Team Aarya comprises Ravi and her guitar-wielding boyfriend Vishal (Aditya Roy Kapur). Vishal proves to be pretty useless in protecting Aarya, and it’s Ravi who springs to her aid whenever required.
The overstretched and sluggishly paced 133-minute film does itself no favours by overselling Gyan Prakash’s villainy. The journey that Ravi, Aarya and Vishal take is mostly bereft of obstacles. Where is the army of fanatics hunting Aarya down? They can be found in the neighbouring platform MX Player, where the similarly themed series Aashram is being streamed.
When evil finally presents itself, no one is happier than Ravi. The grin that breaks out on his face when he finally sees a weapon is infectious. The best moment is when a gun is pressed against Ravi’s head and he blissfully says, the doors of heaven have finally opened to me.
Ravi is good at being passive and weepy too. The spirit of the Ravi from Sadak is very much alive in the second movie.
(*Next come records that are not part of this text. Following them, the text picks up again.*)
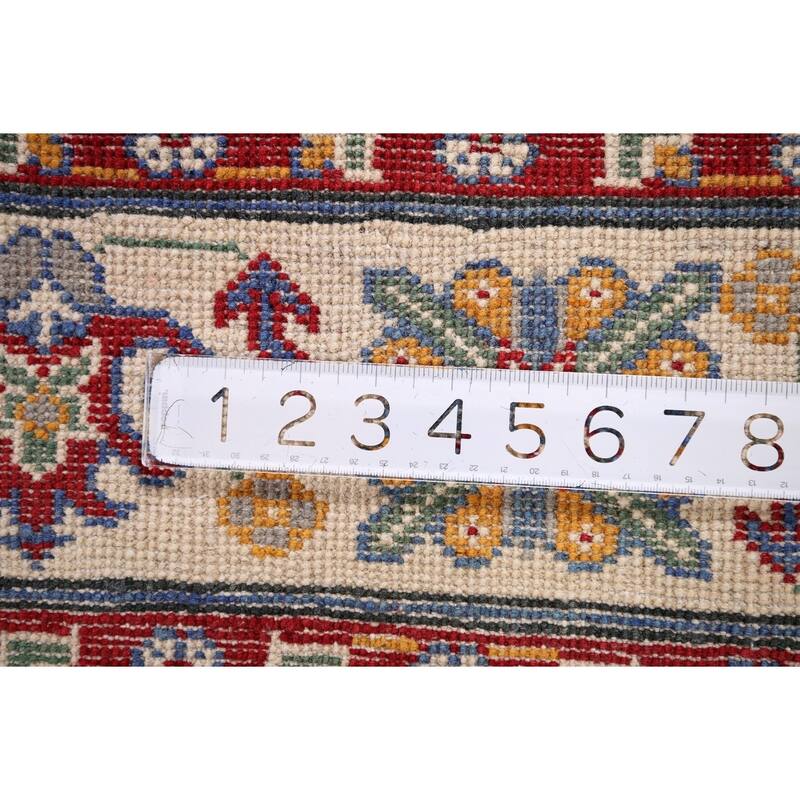 Traditional Grey Kazak Oriental Area Rug Handmade Wool Carpet - 4'11" x 6'8"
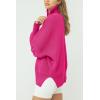 imageImily Bela Womens Tunic Sweater Fall Long Sleeve 14 Zip Pullover Sweaters Oversized Slouchy Ribbed Knit Sweatshirt with SlitRose Red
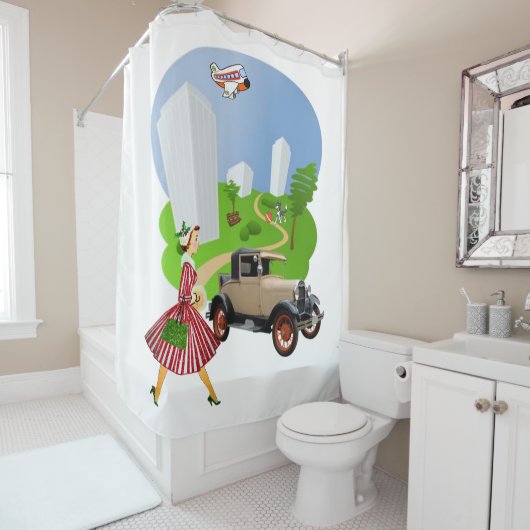 Shower Curtain Retro Woman Dog Airplane Douchegordijn (In situ)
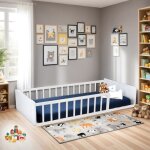 Le quai des affaires - lit 90x190 pilou avec sommier et matelas / blanc /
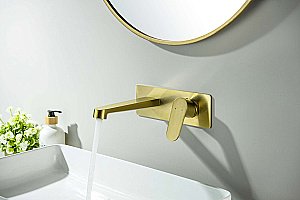 Смеситель для раковины Aquatek Оберон AQ1213BG золото шлифованное купить в интернет-магазине сантехники Sanbest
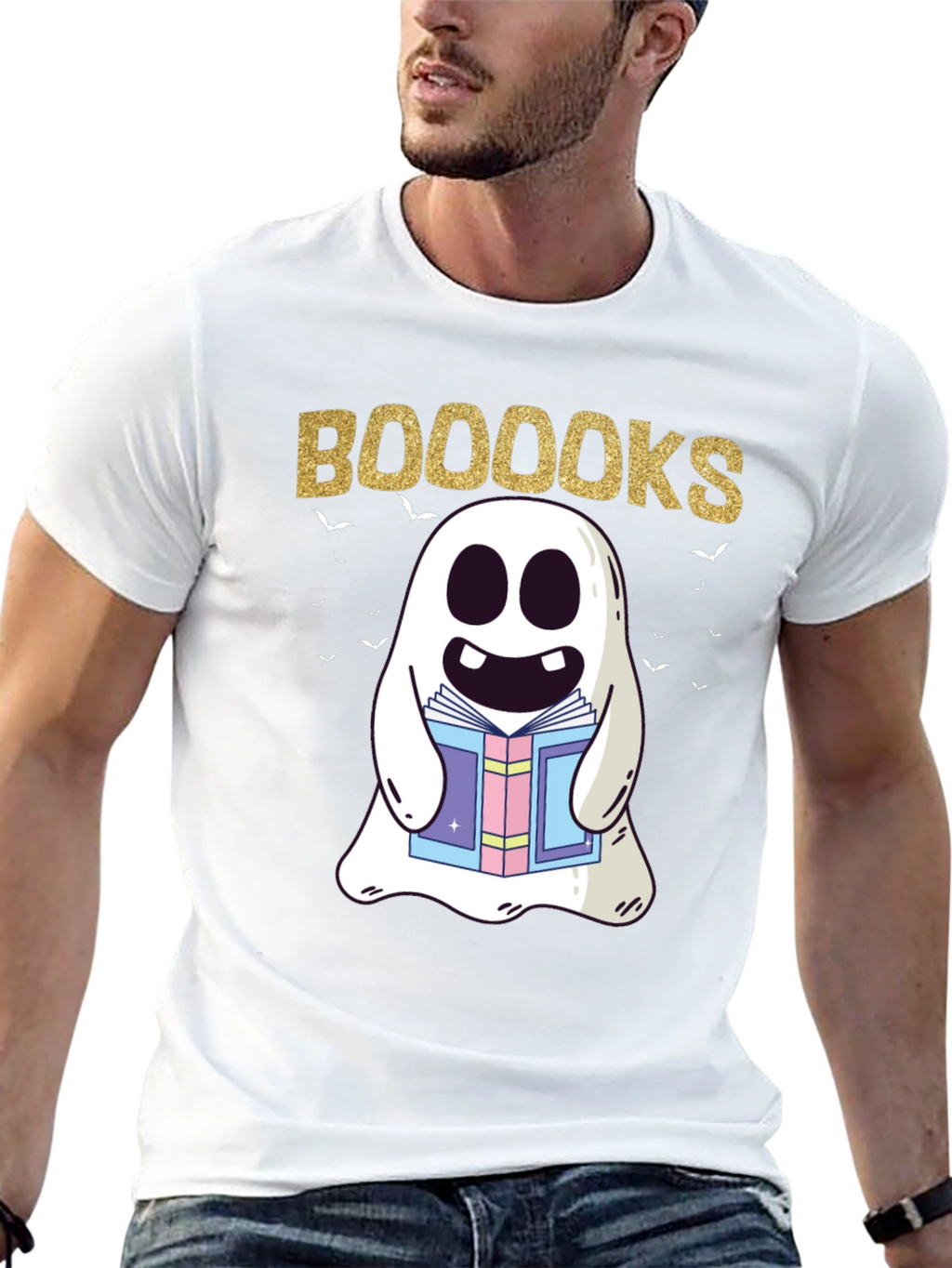 Booooks Ghost Reading T-Shirt
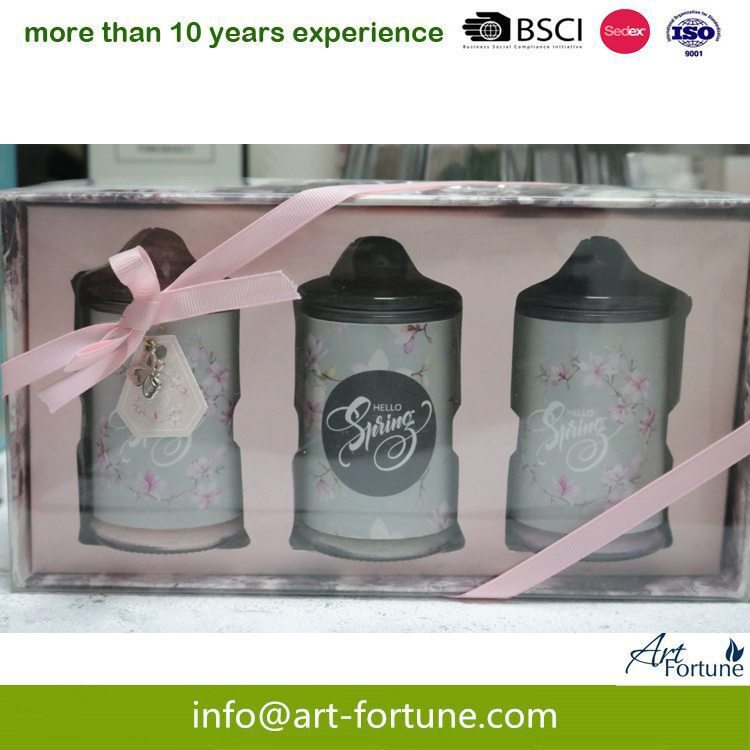 Set of 3 Scent Soy Wax Glass Jar Candle in Gift Box for Home Decor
Sanjay Dutt provides continuity between the films and gives a full-throttle performance that compensates for the discernible lack of energy among his co-stars.
Alia Bhatt goes through the paces, but her naturalistic acting style and millennial manner don’t suit this movie’s 1990s-vintage dramatics. Priyanka Bose tries to shake things up – there’s an unintentionally hilarious scene where she enters a room with vermillion plastered over her forehead for reasons best known to her. Jisshu Sengupta hams it up, while Makarand Deshpande struggles to emerge from under the shadow of Sadashiv Amrapurkar’s loathsome villain from the original movie.
It hardly helps that the sequel has several flashbacks to its predecessor. The frequent reminders of Sadak’s unselfconsciously florid ways make the follow-up even more anodyne and listless by comparison. The only one who gets the raison d’etre of Sadak 2 is the actor who glowered and bashed his way to glory in Sadak. Ravi’s maudlin aching for his lost love, his touching affection for Aarya, and his solo march on the godman prove that Ravi is very much around – older, not necessarily wiser, and still a full-blown kamikaze taxi driver.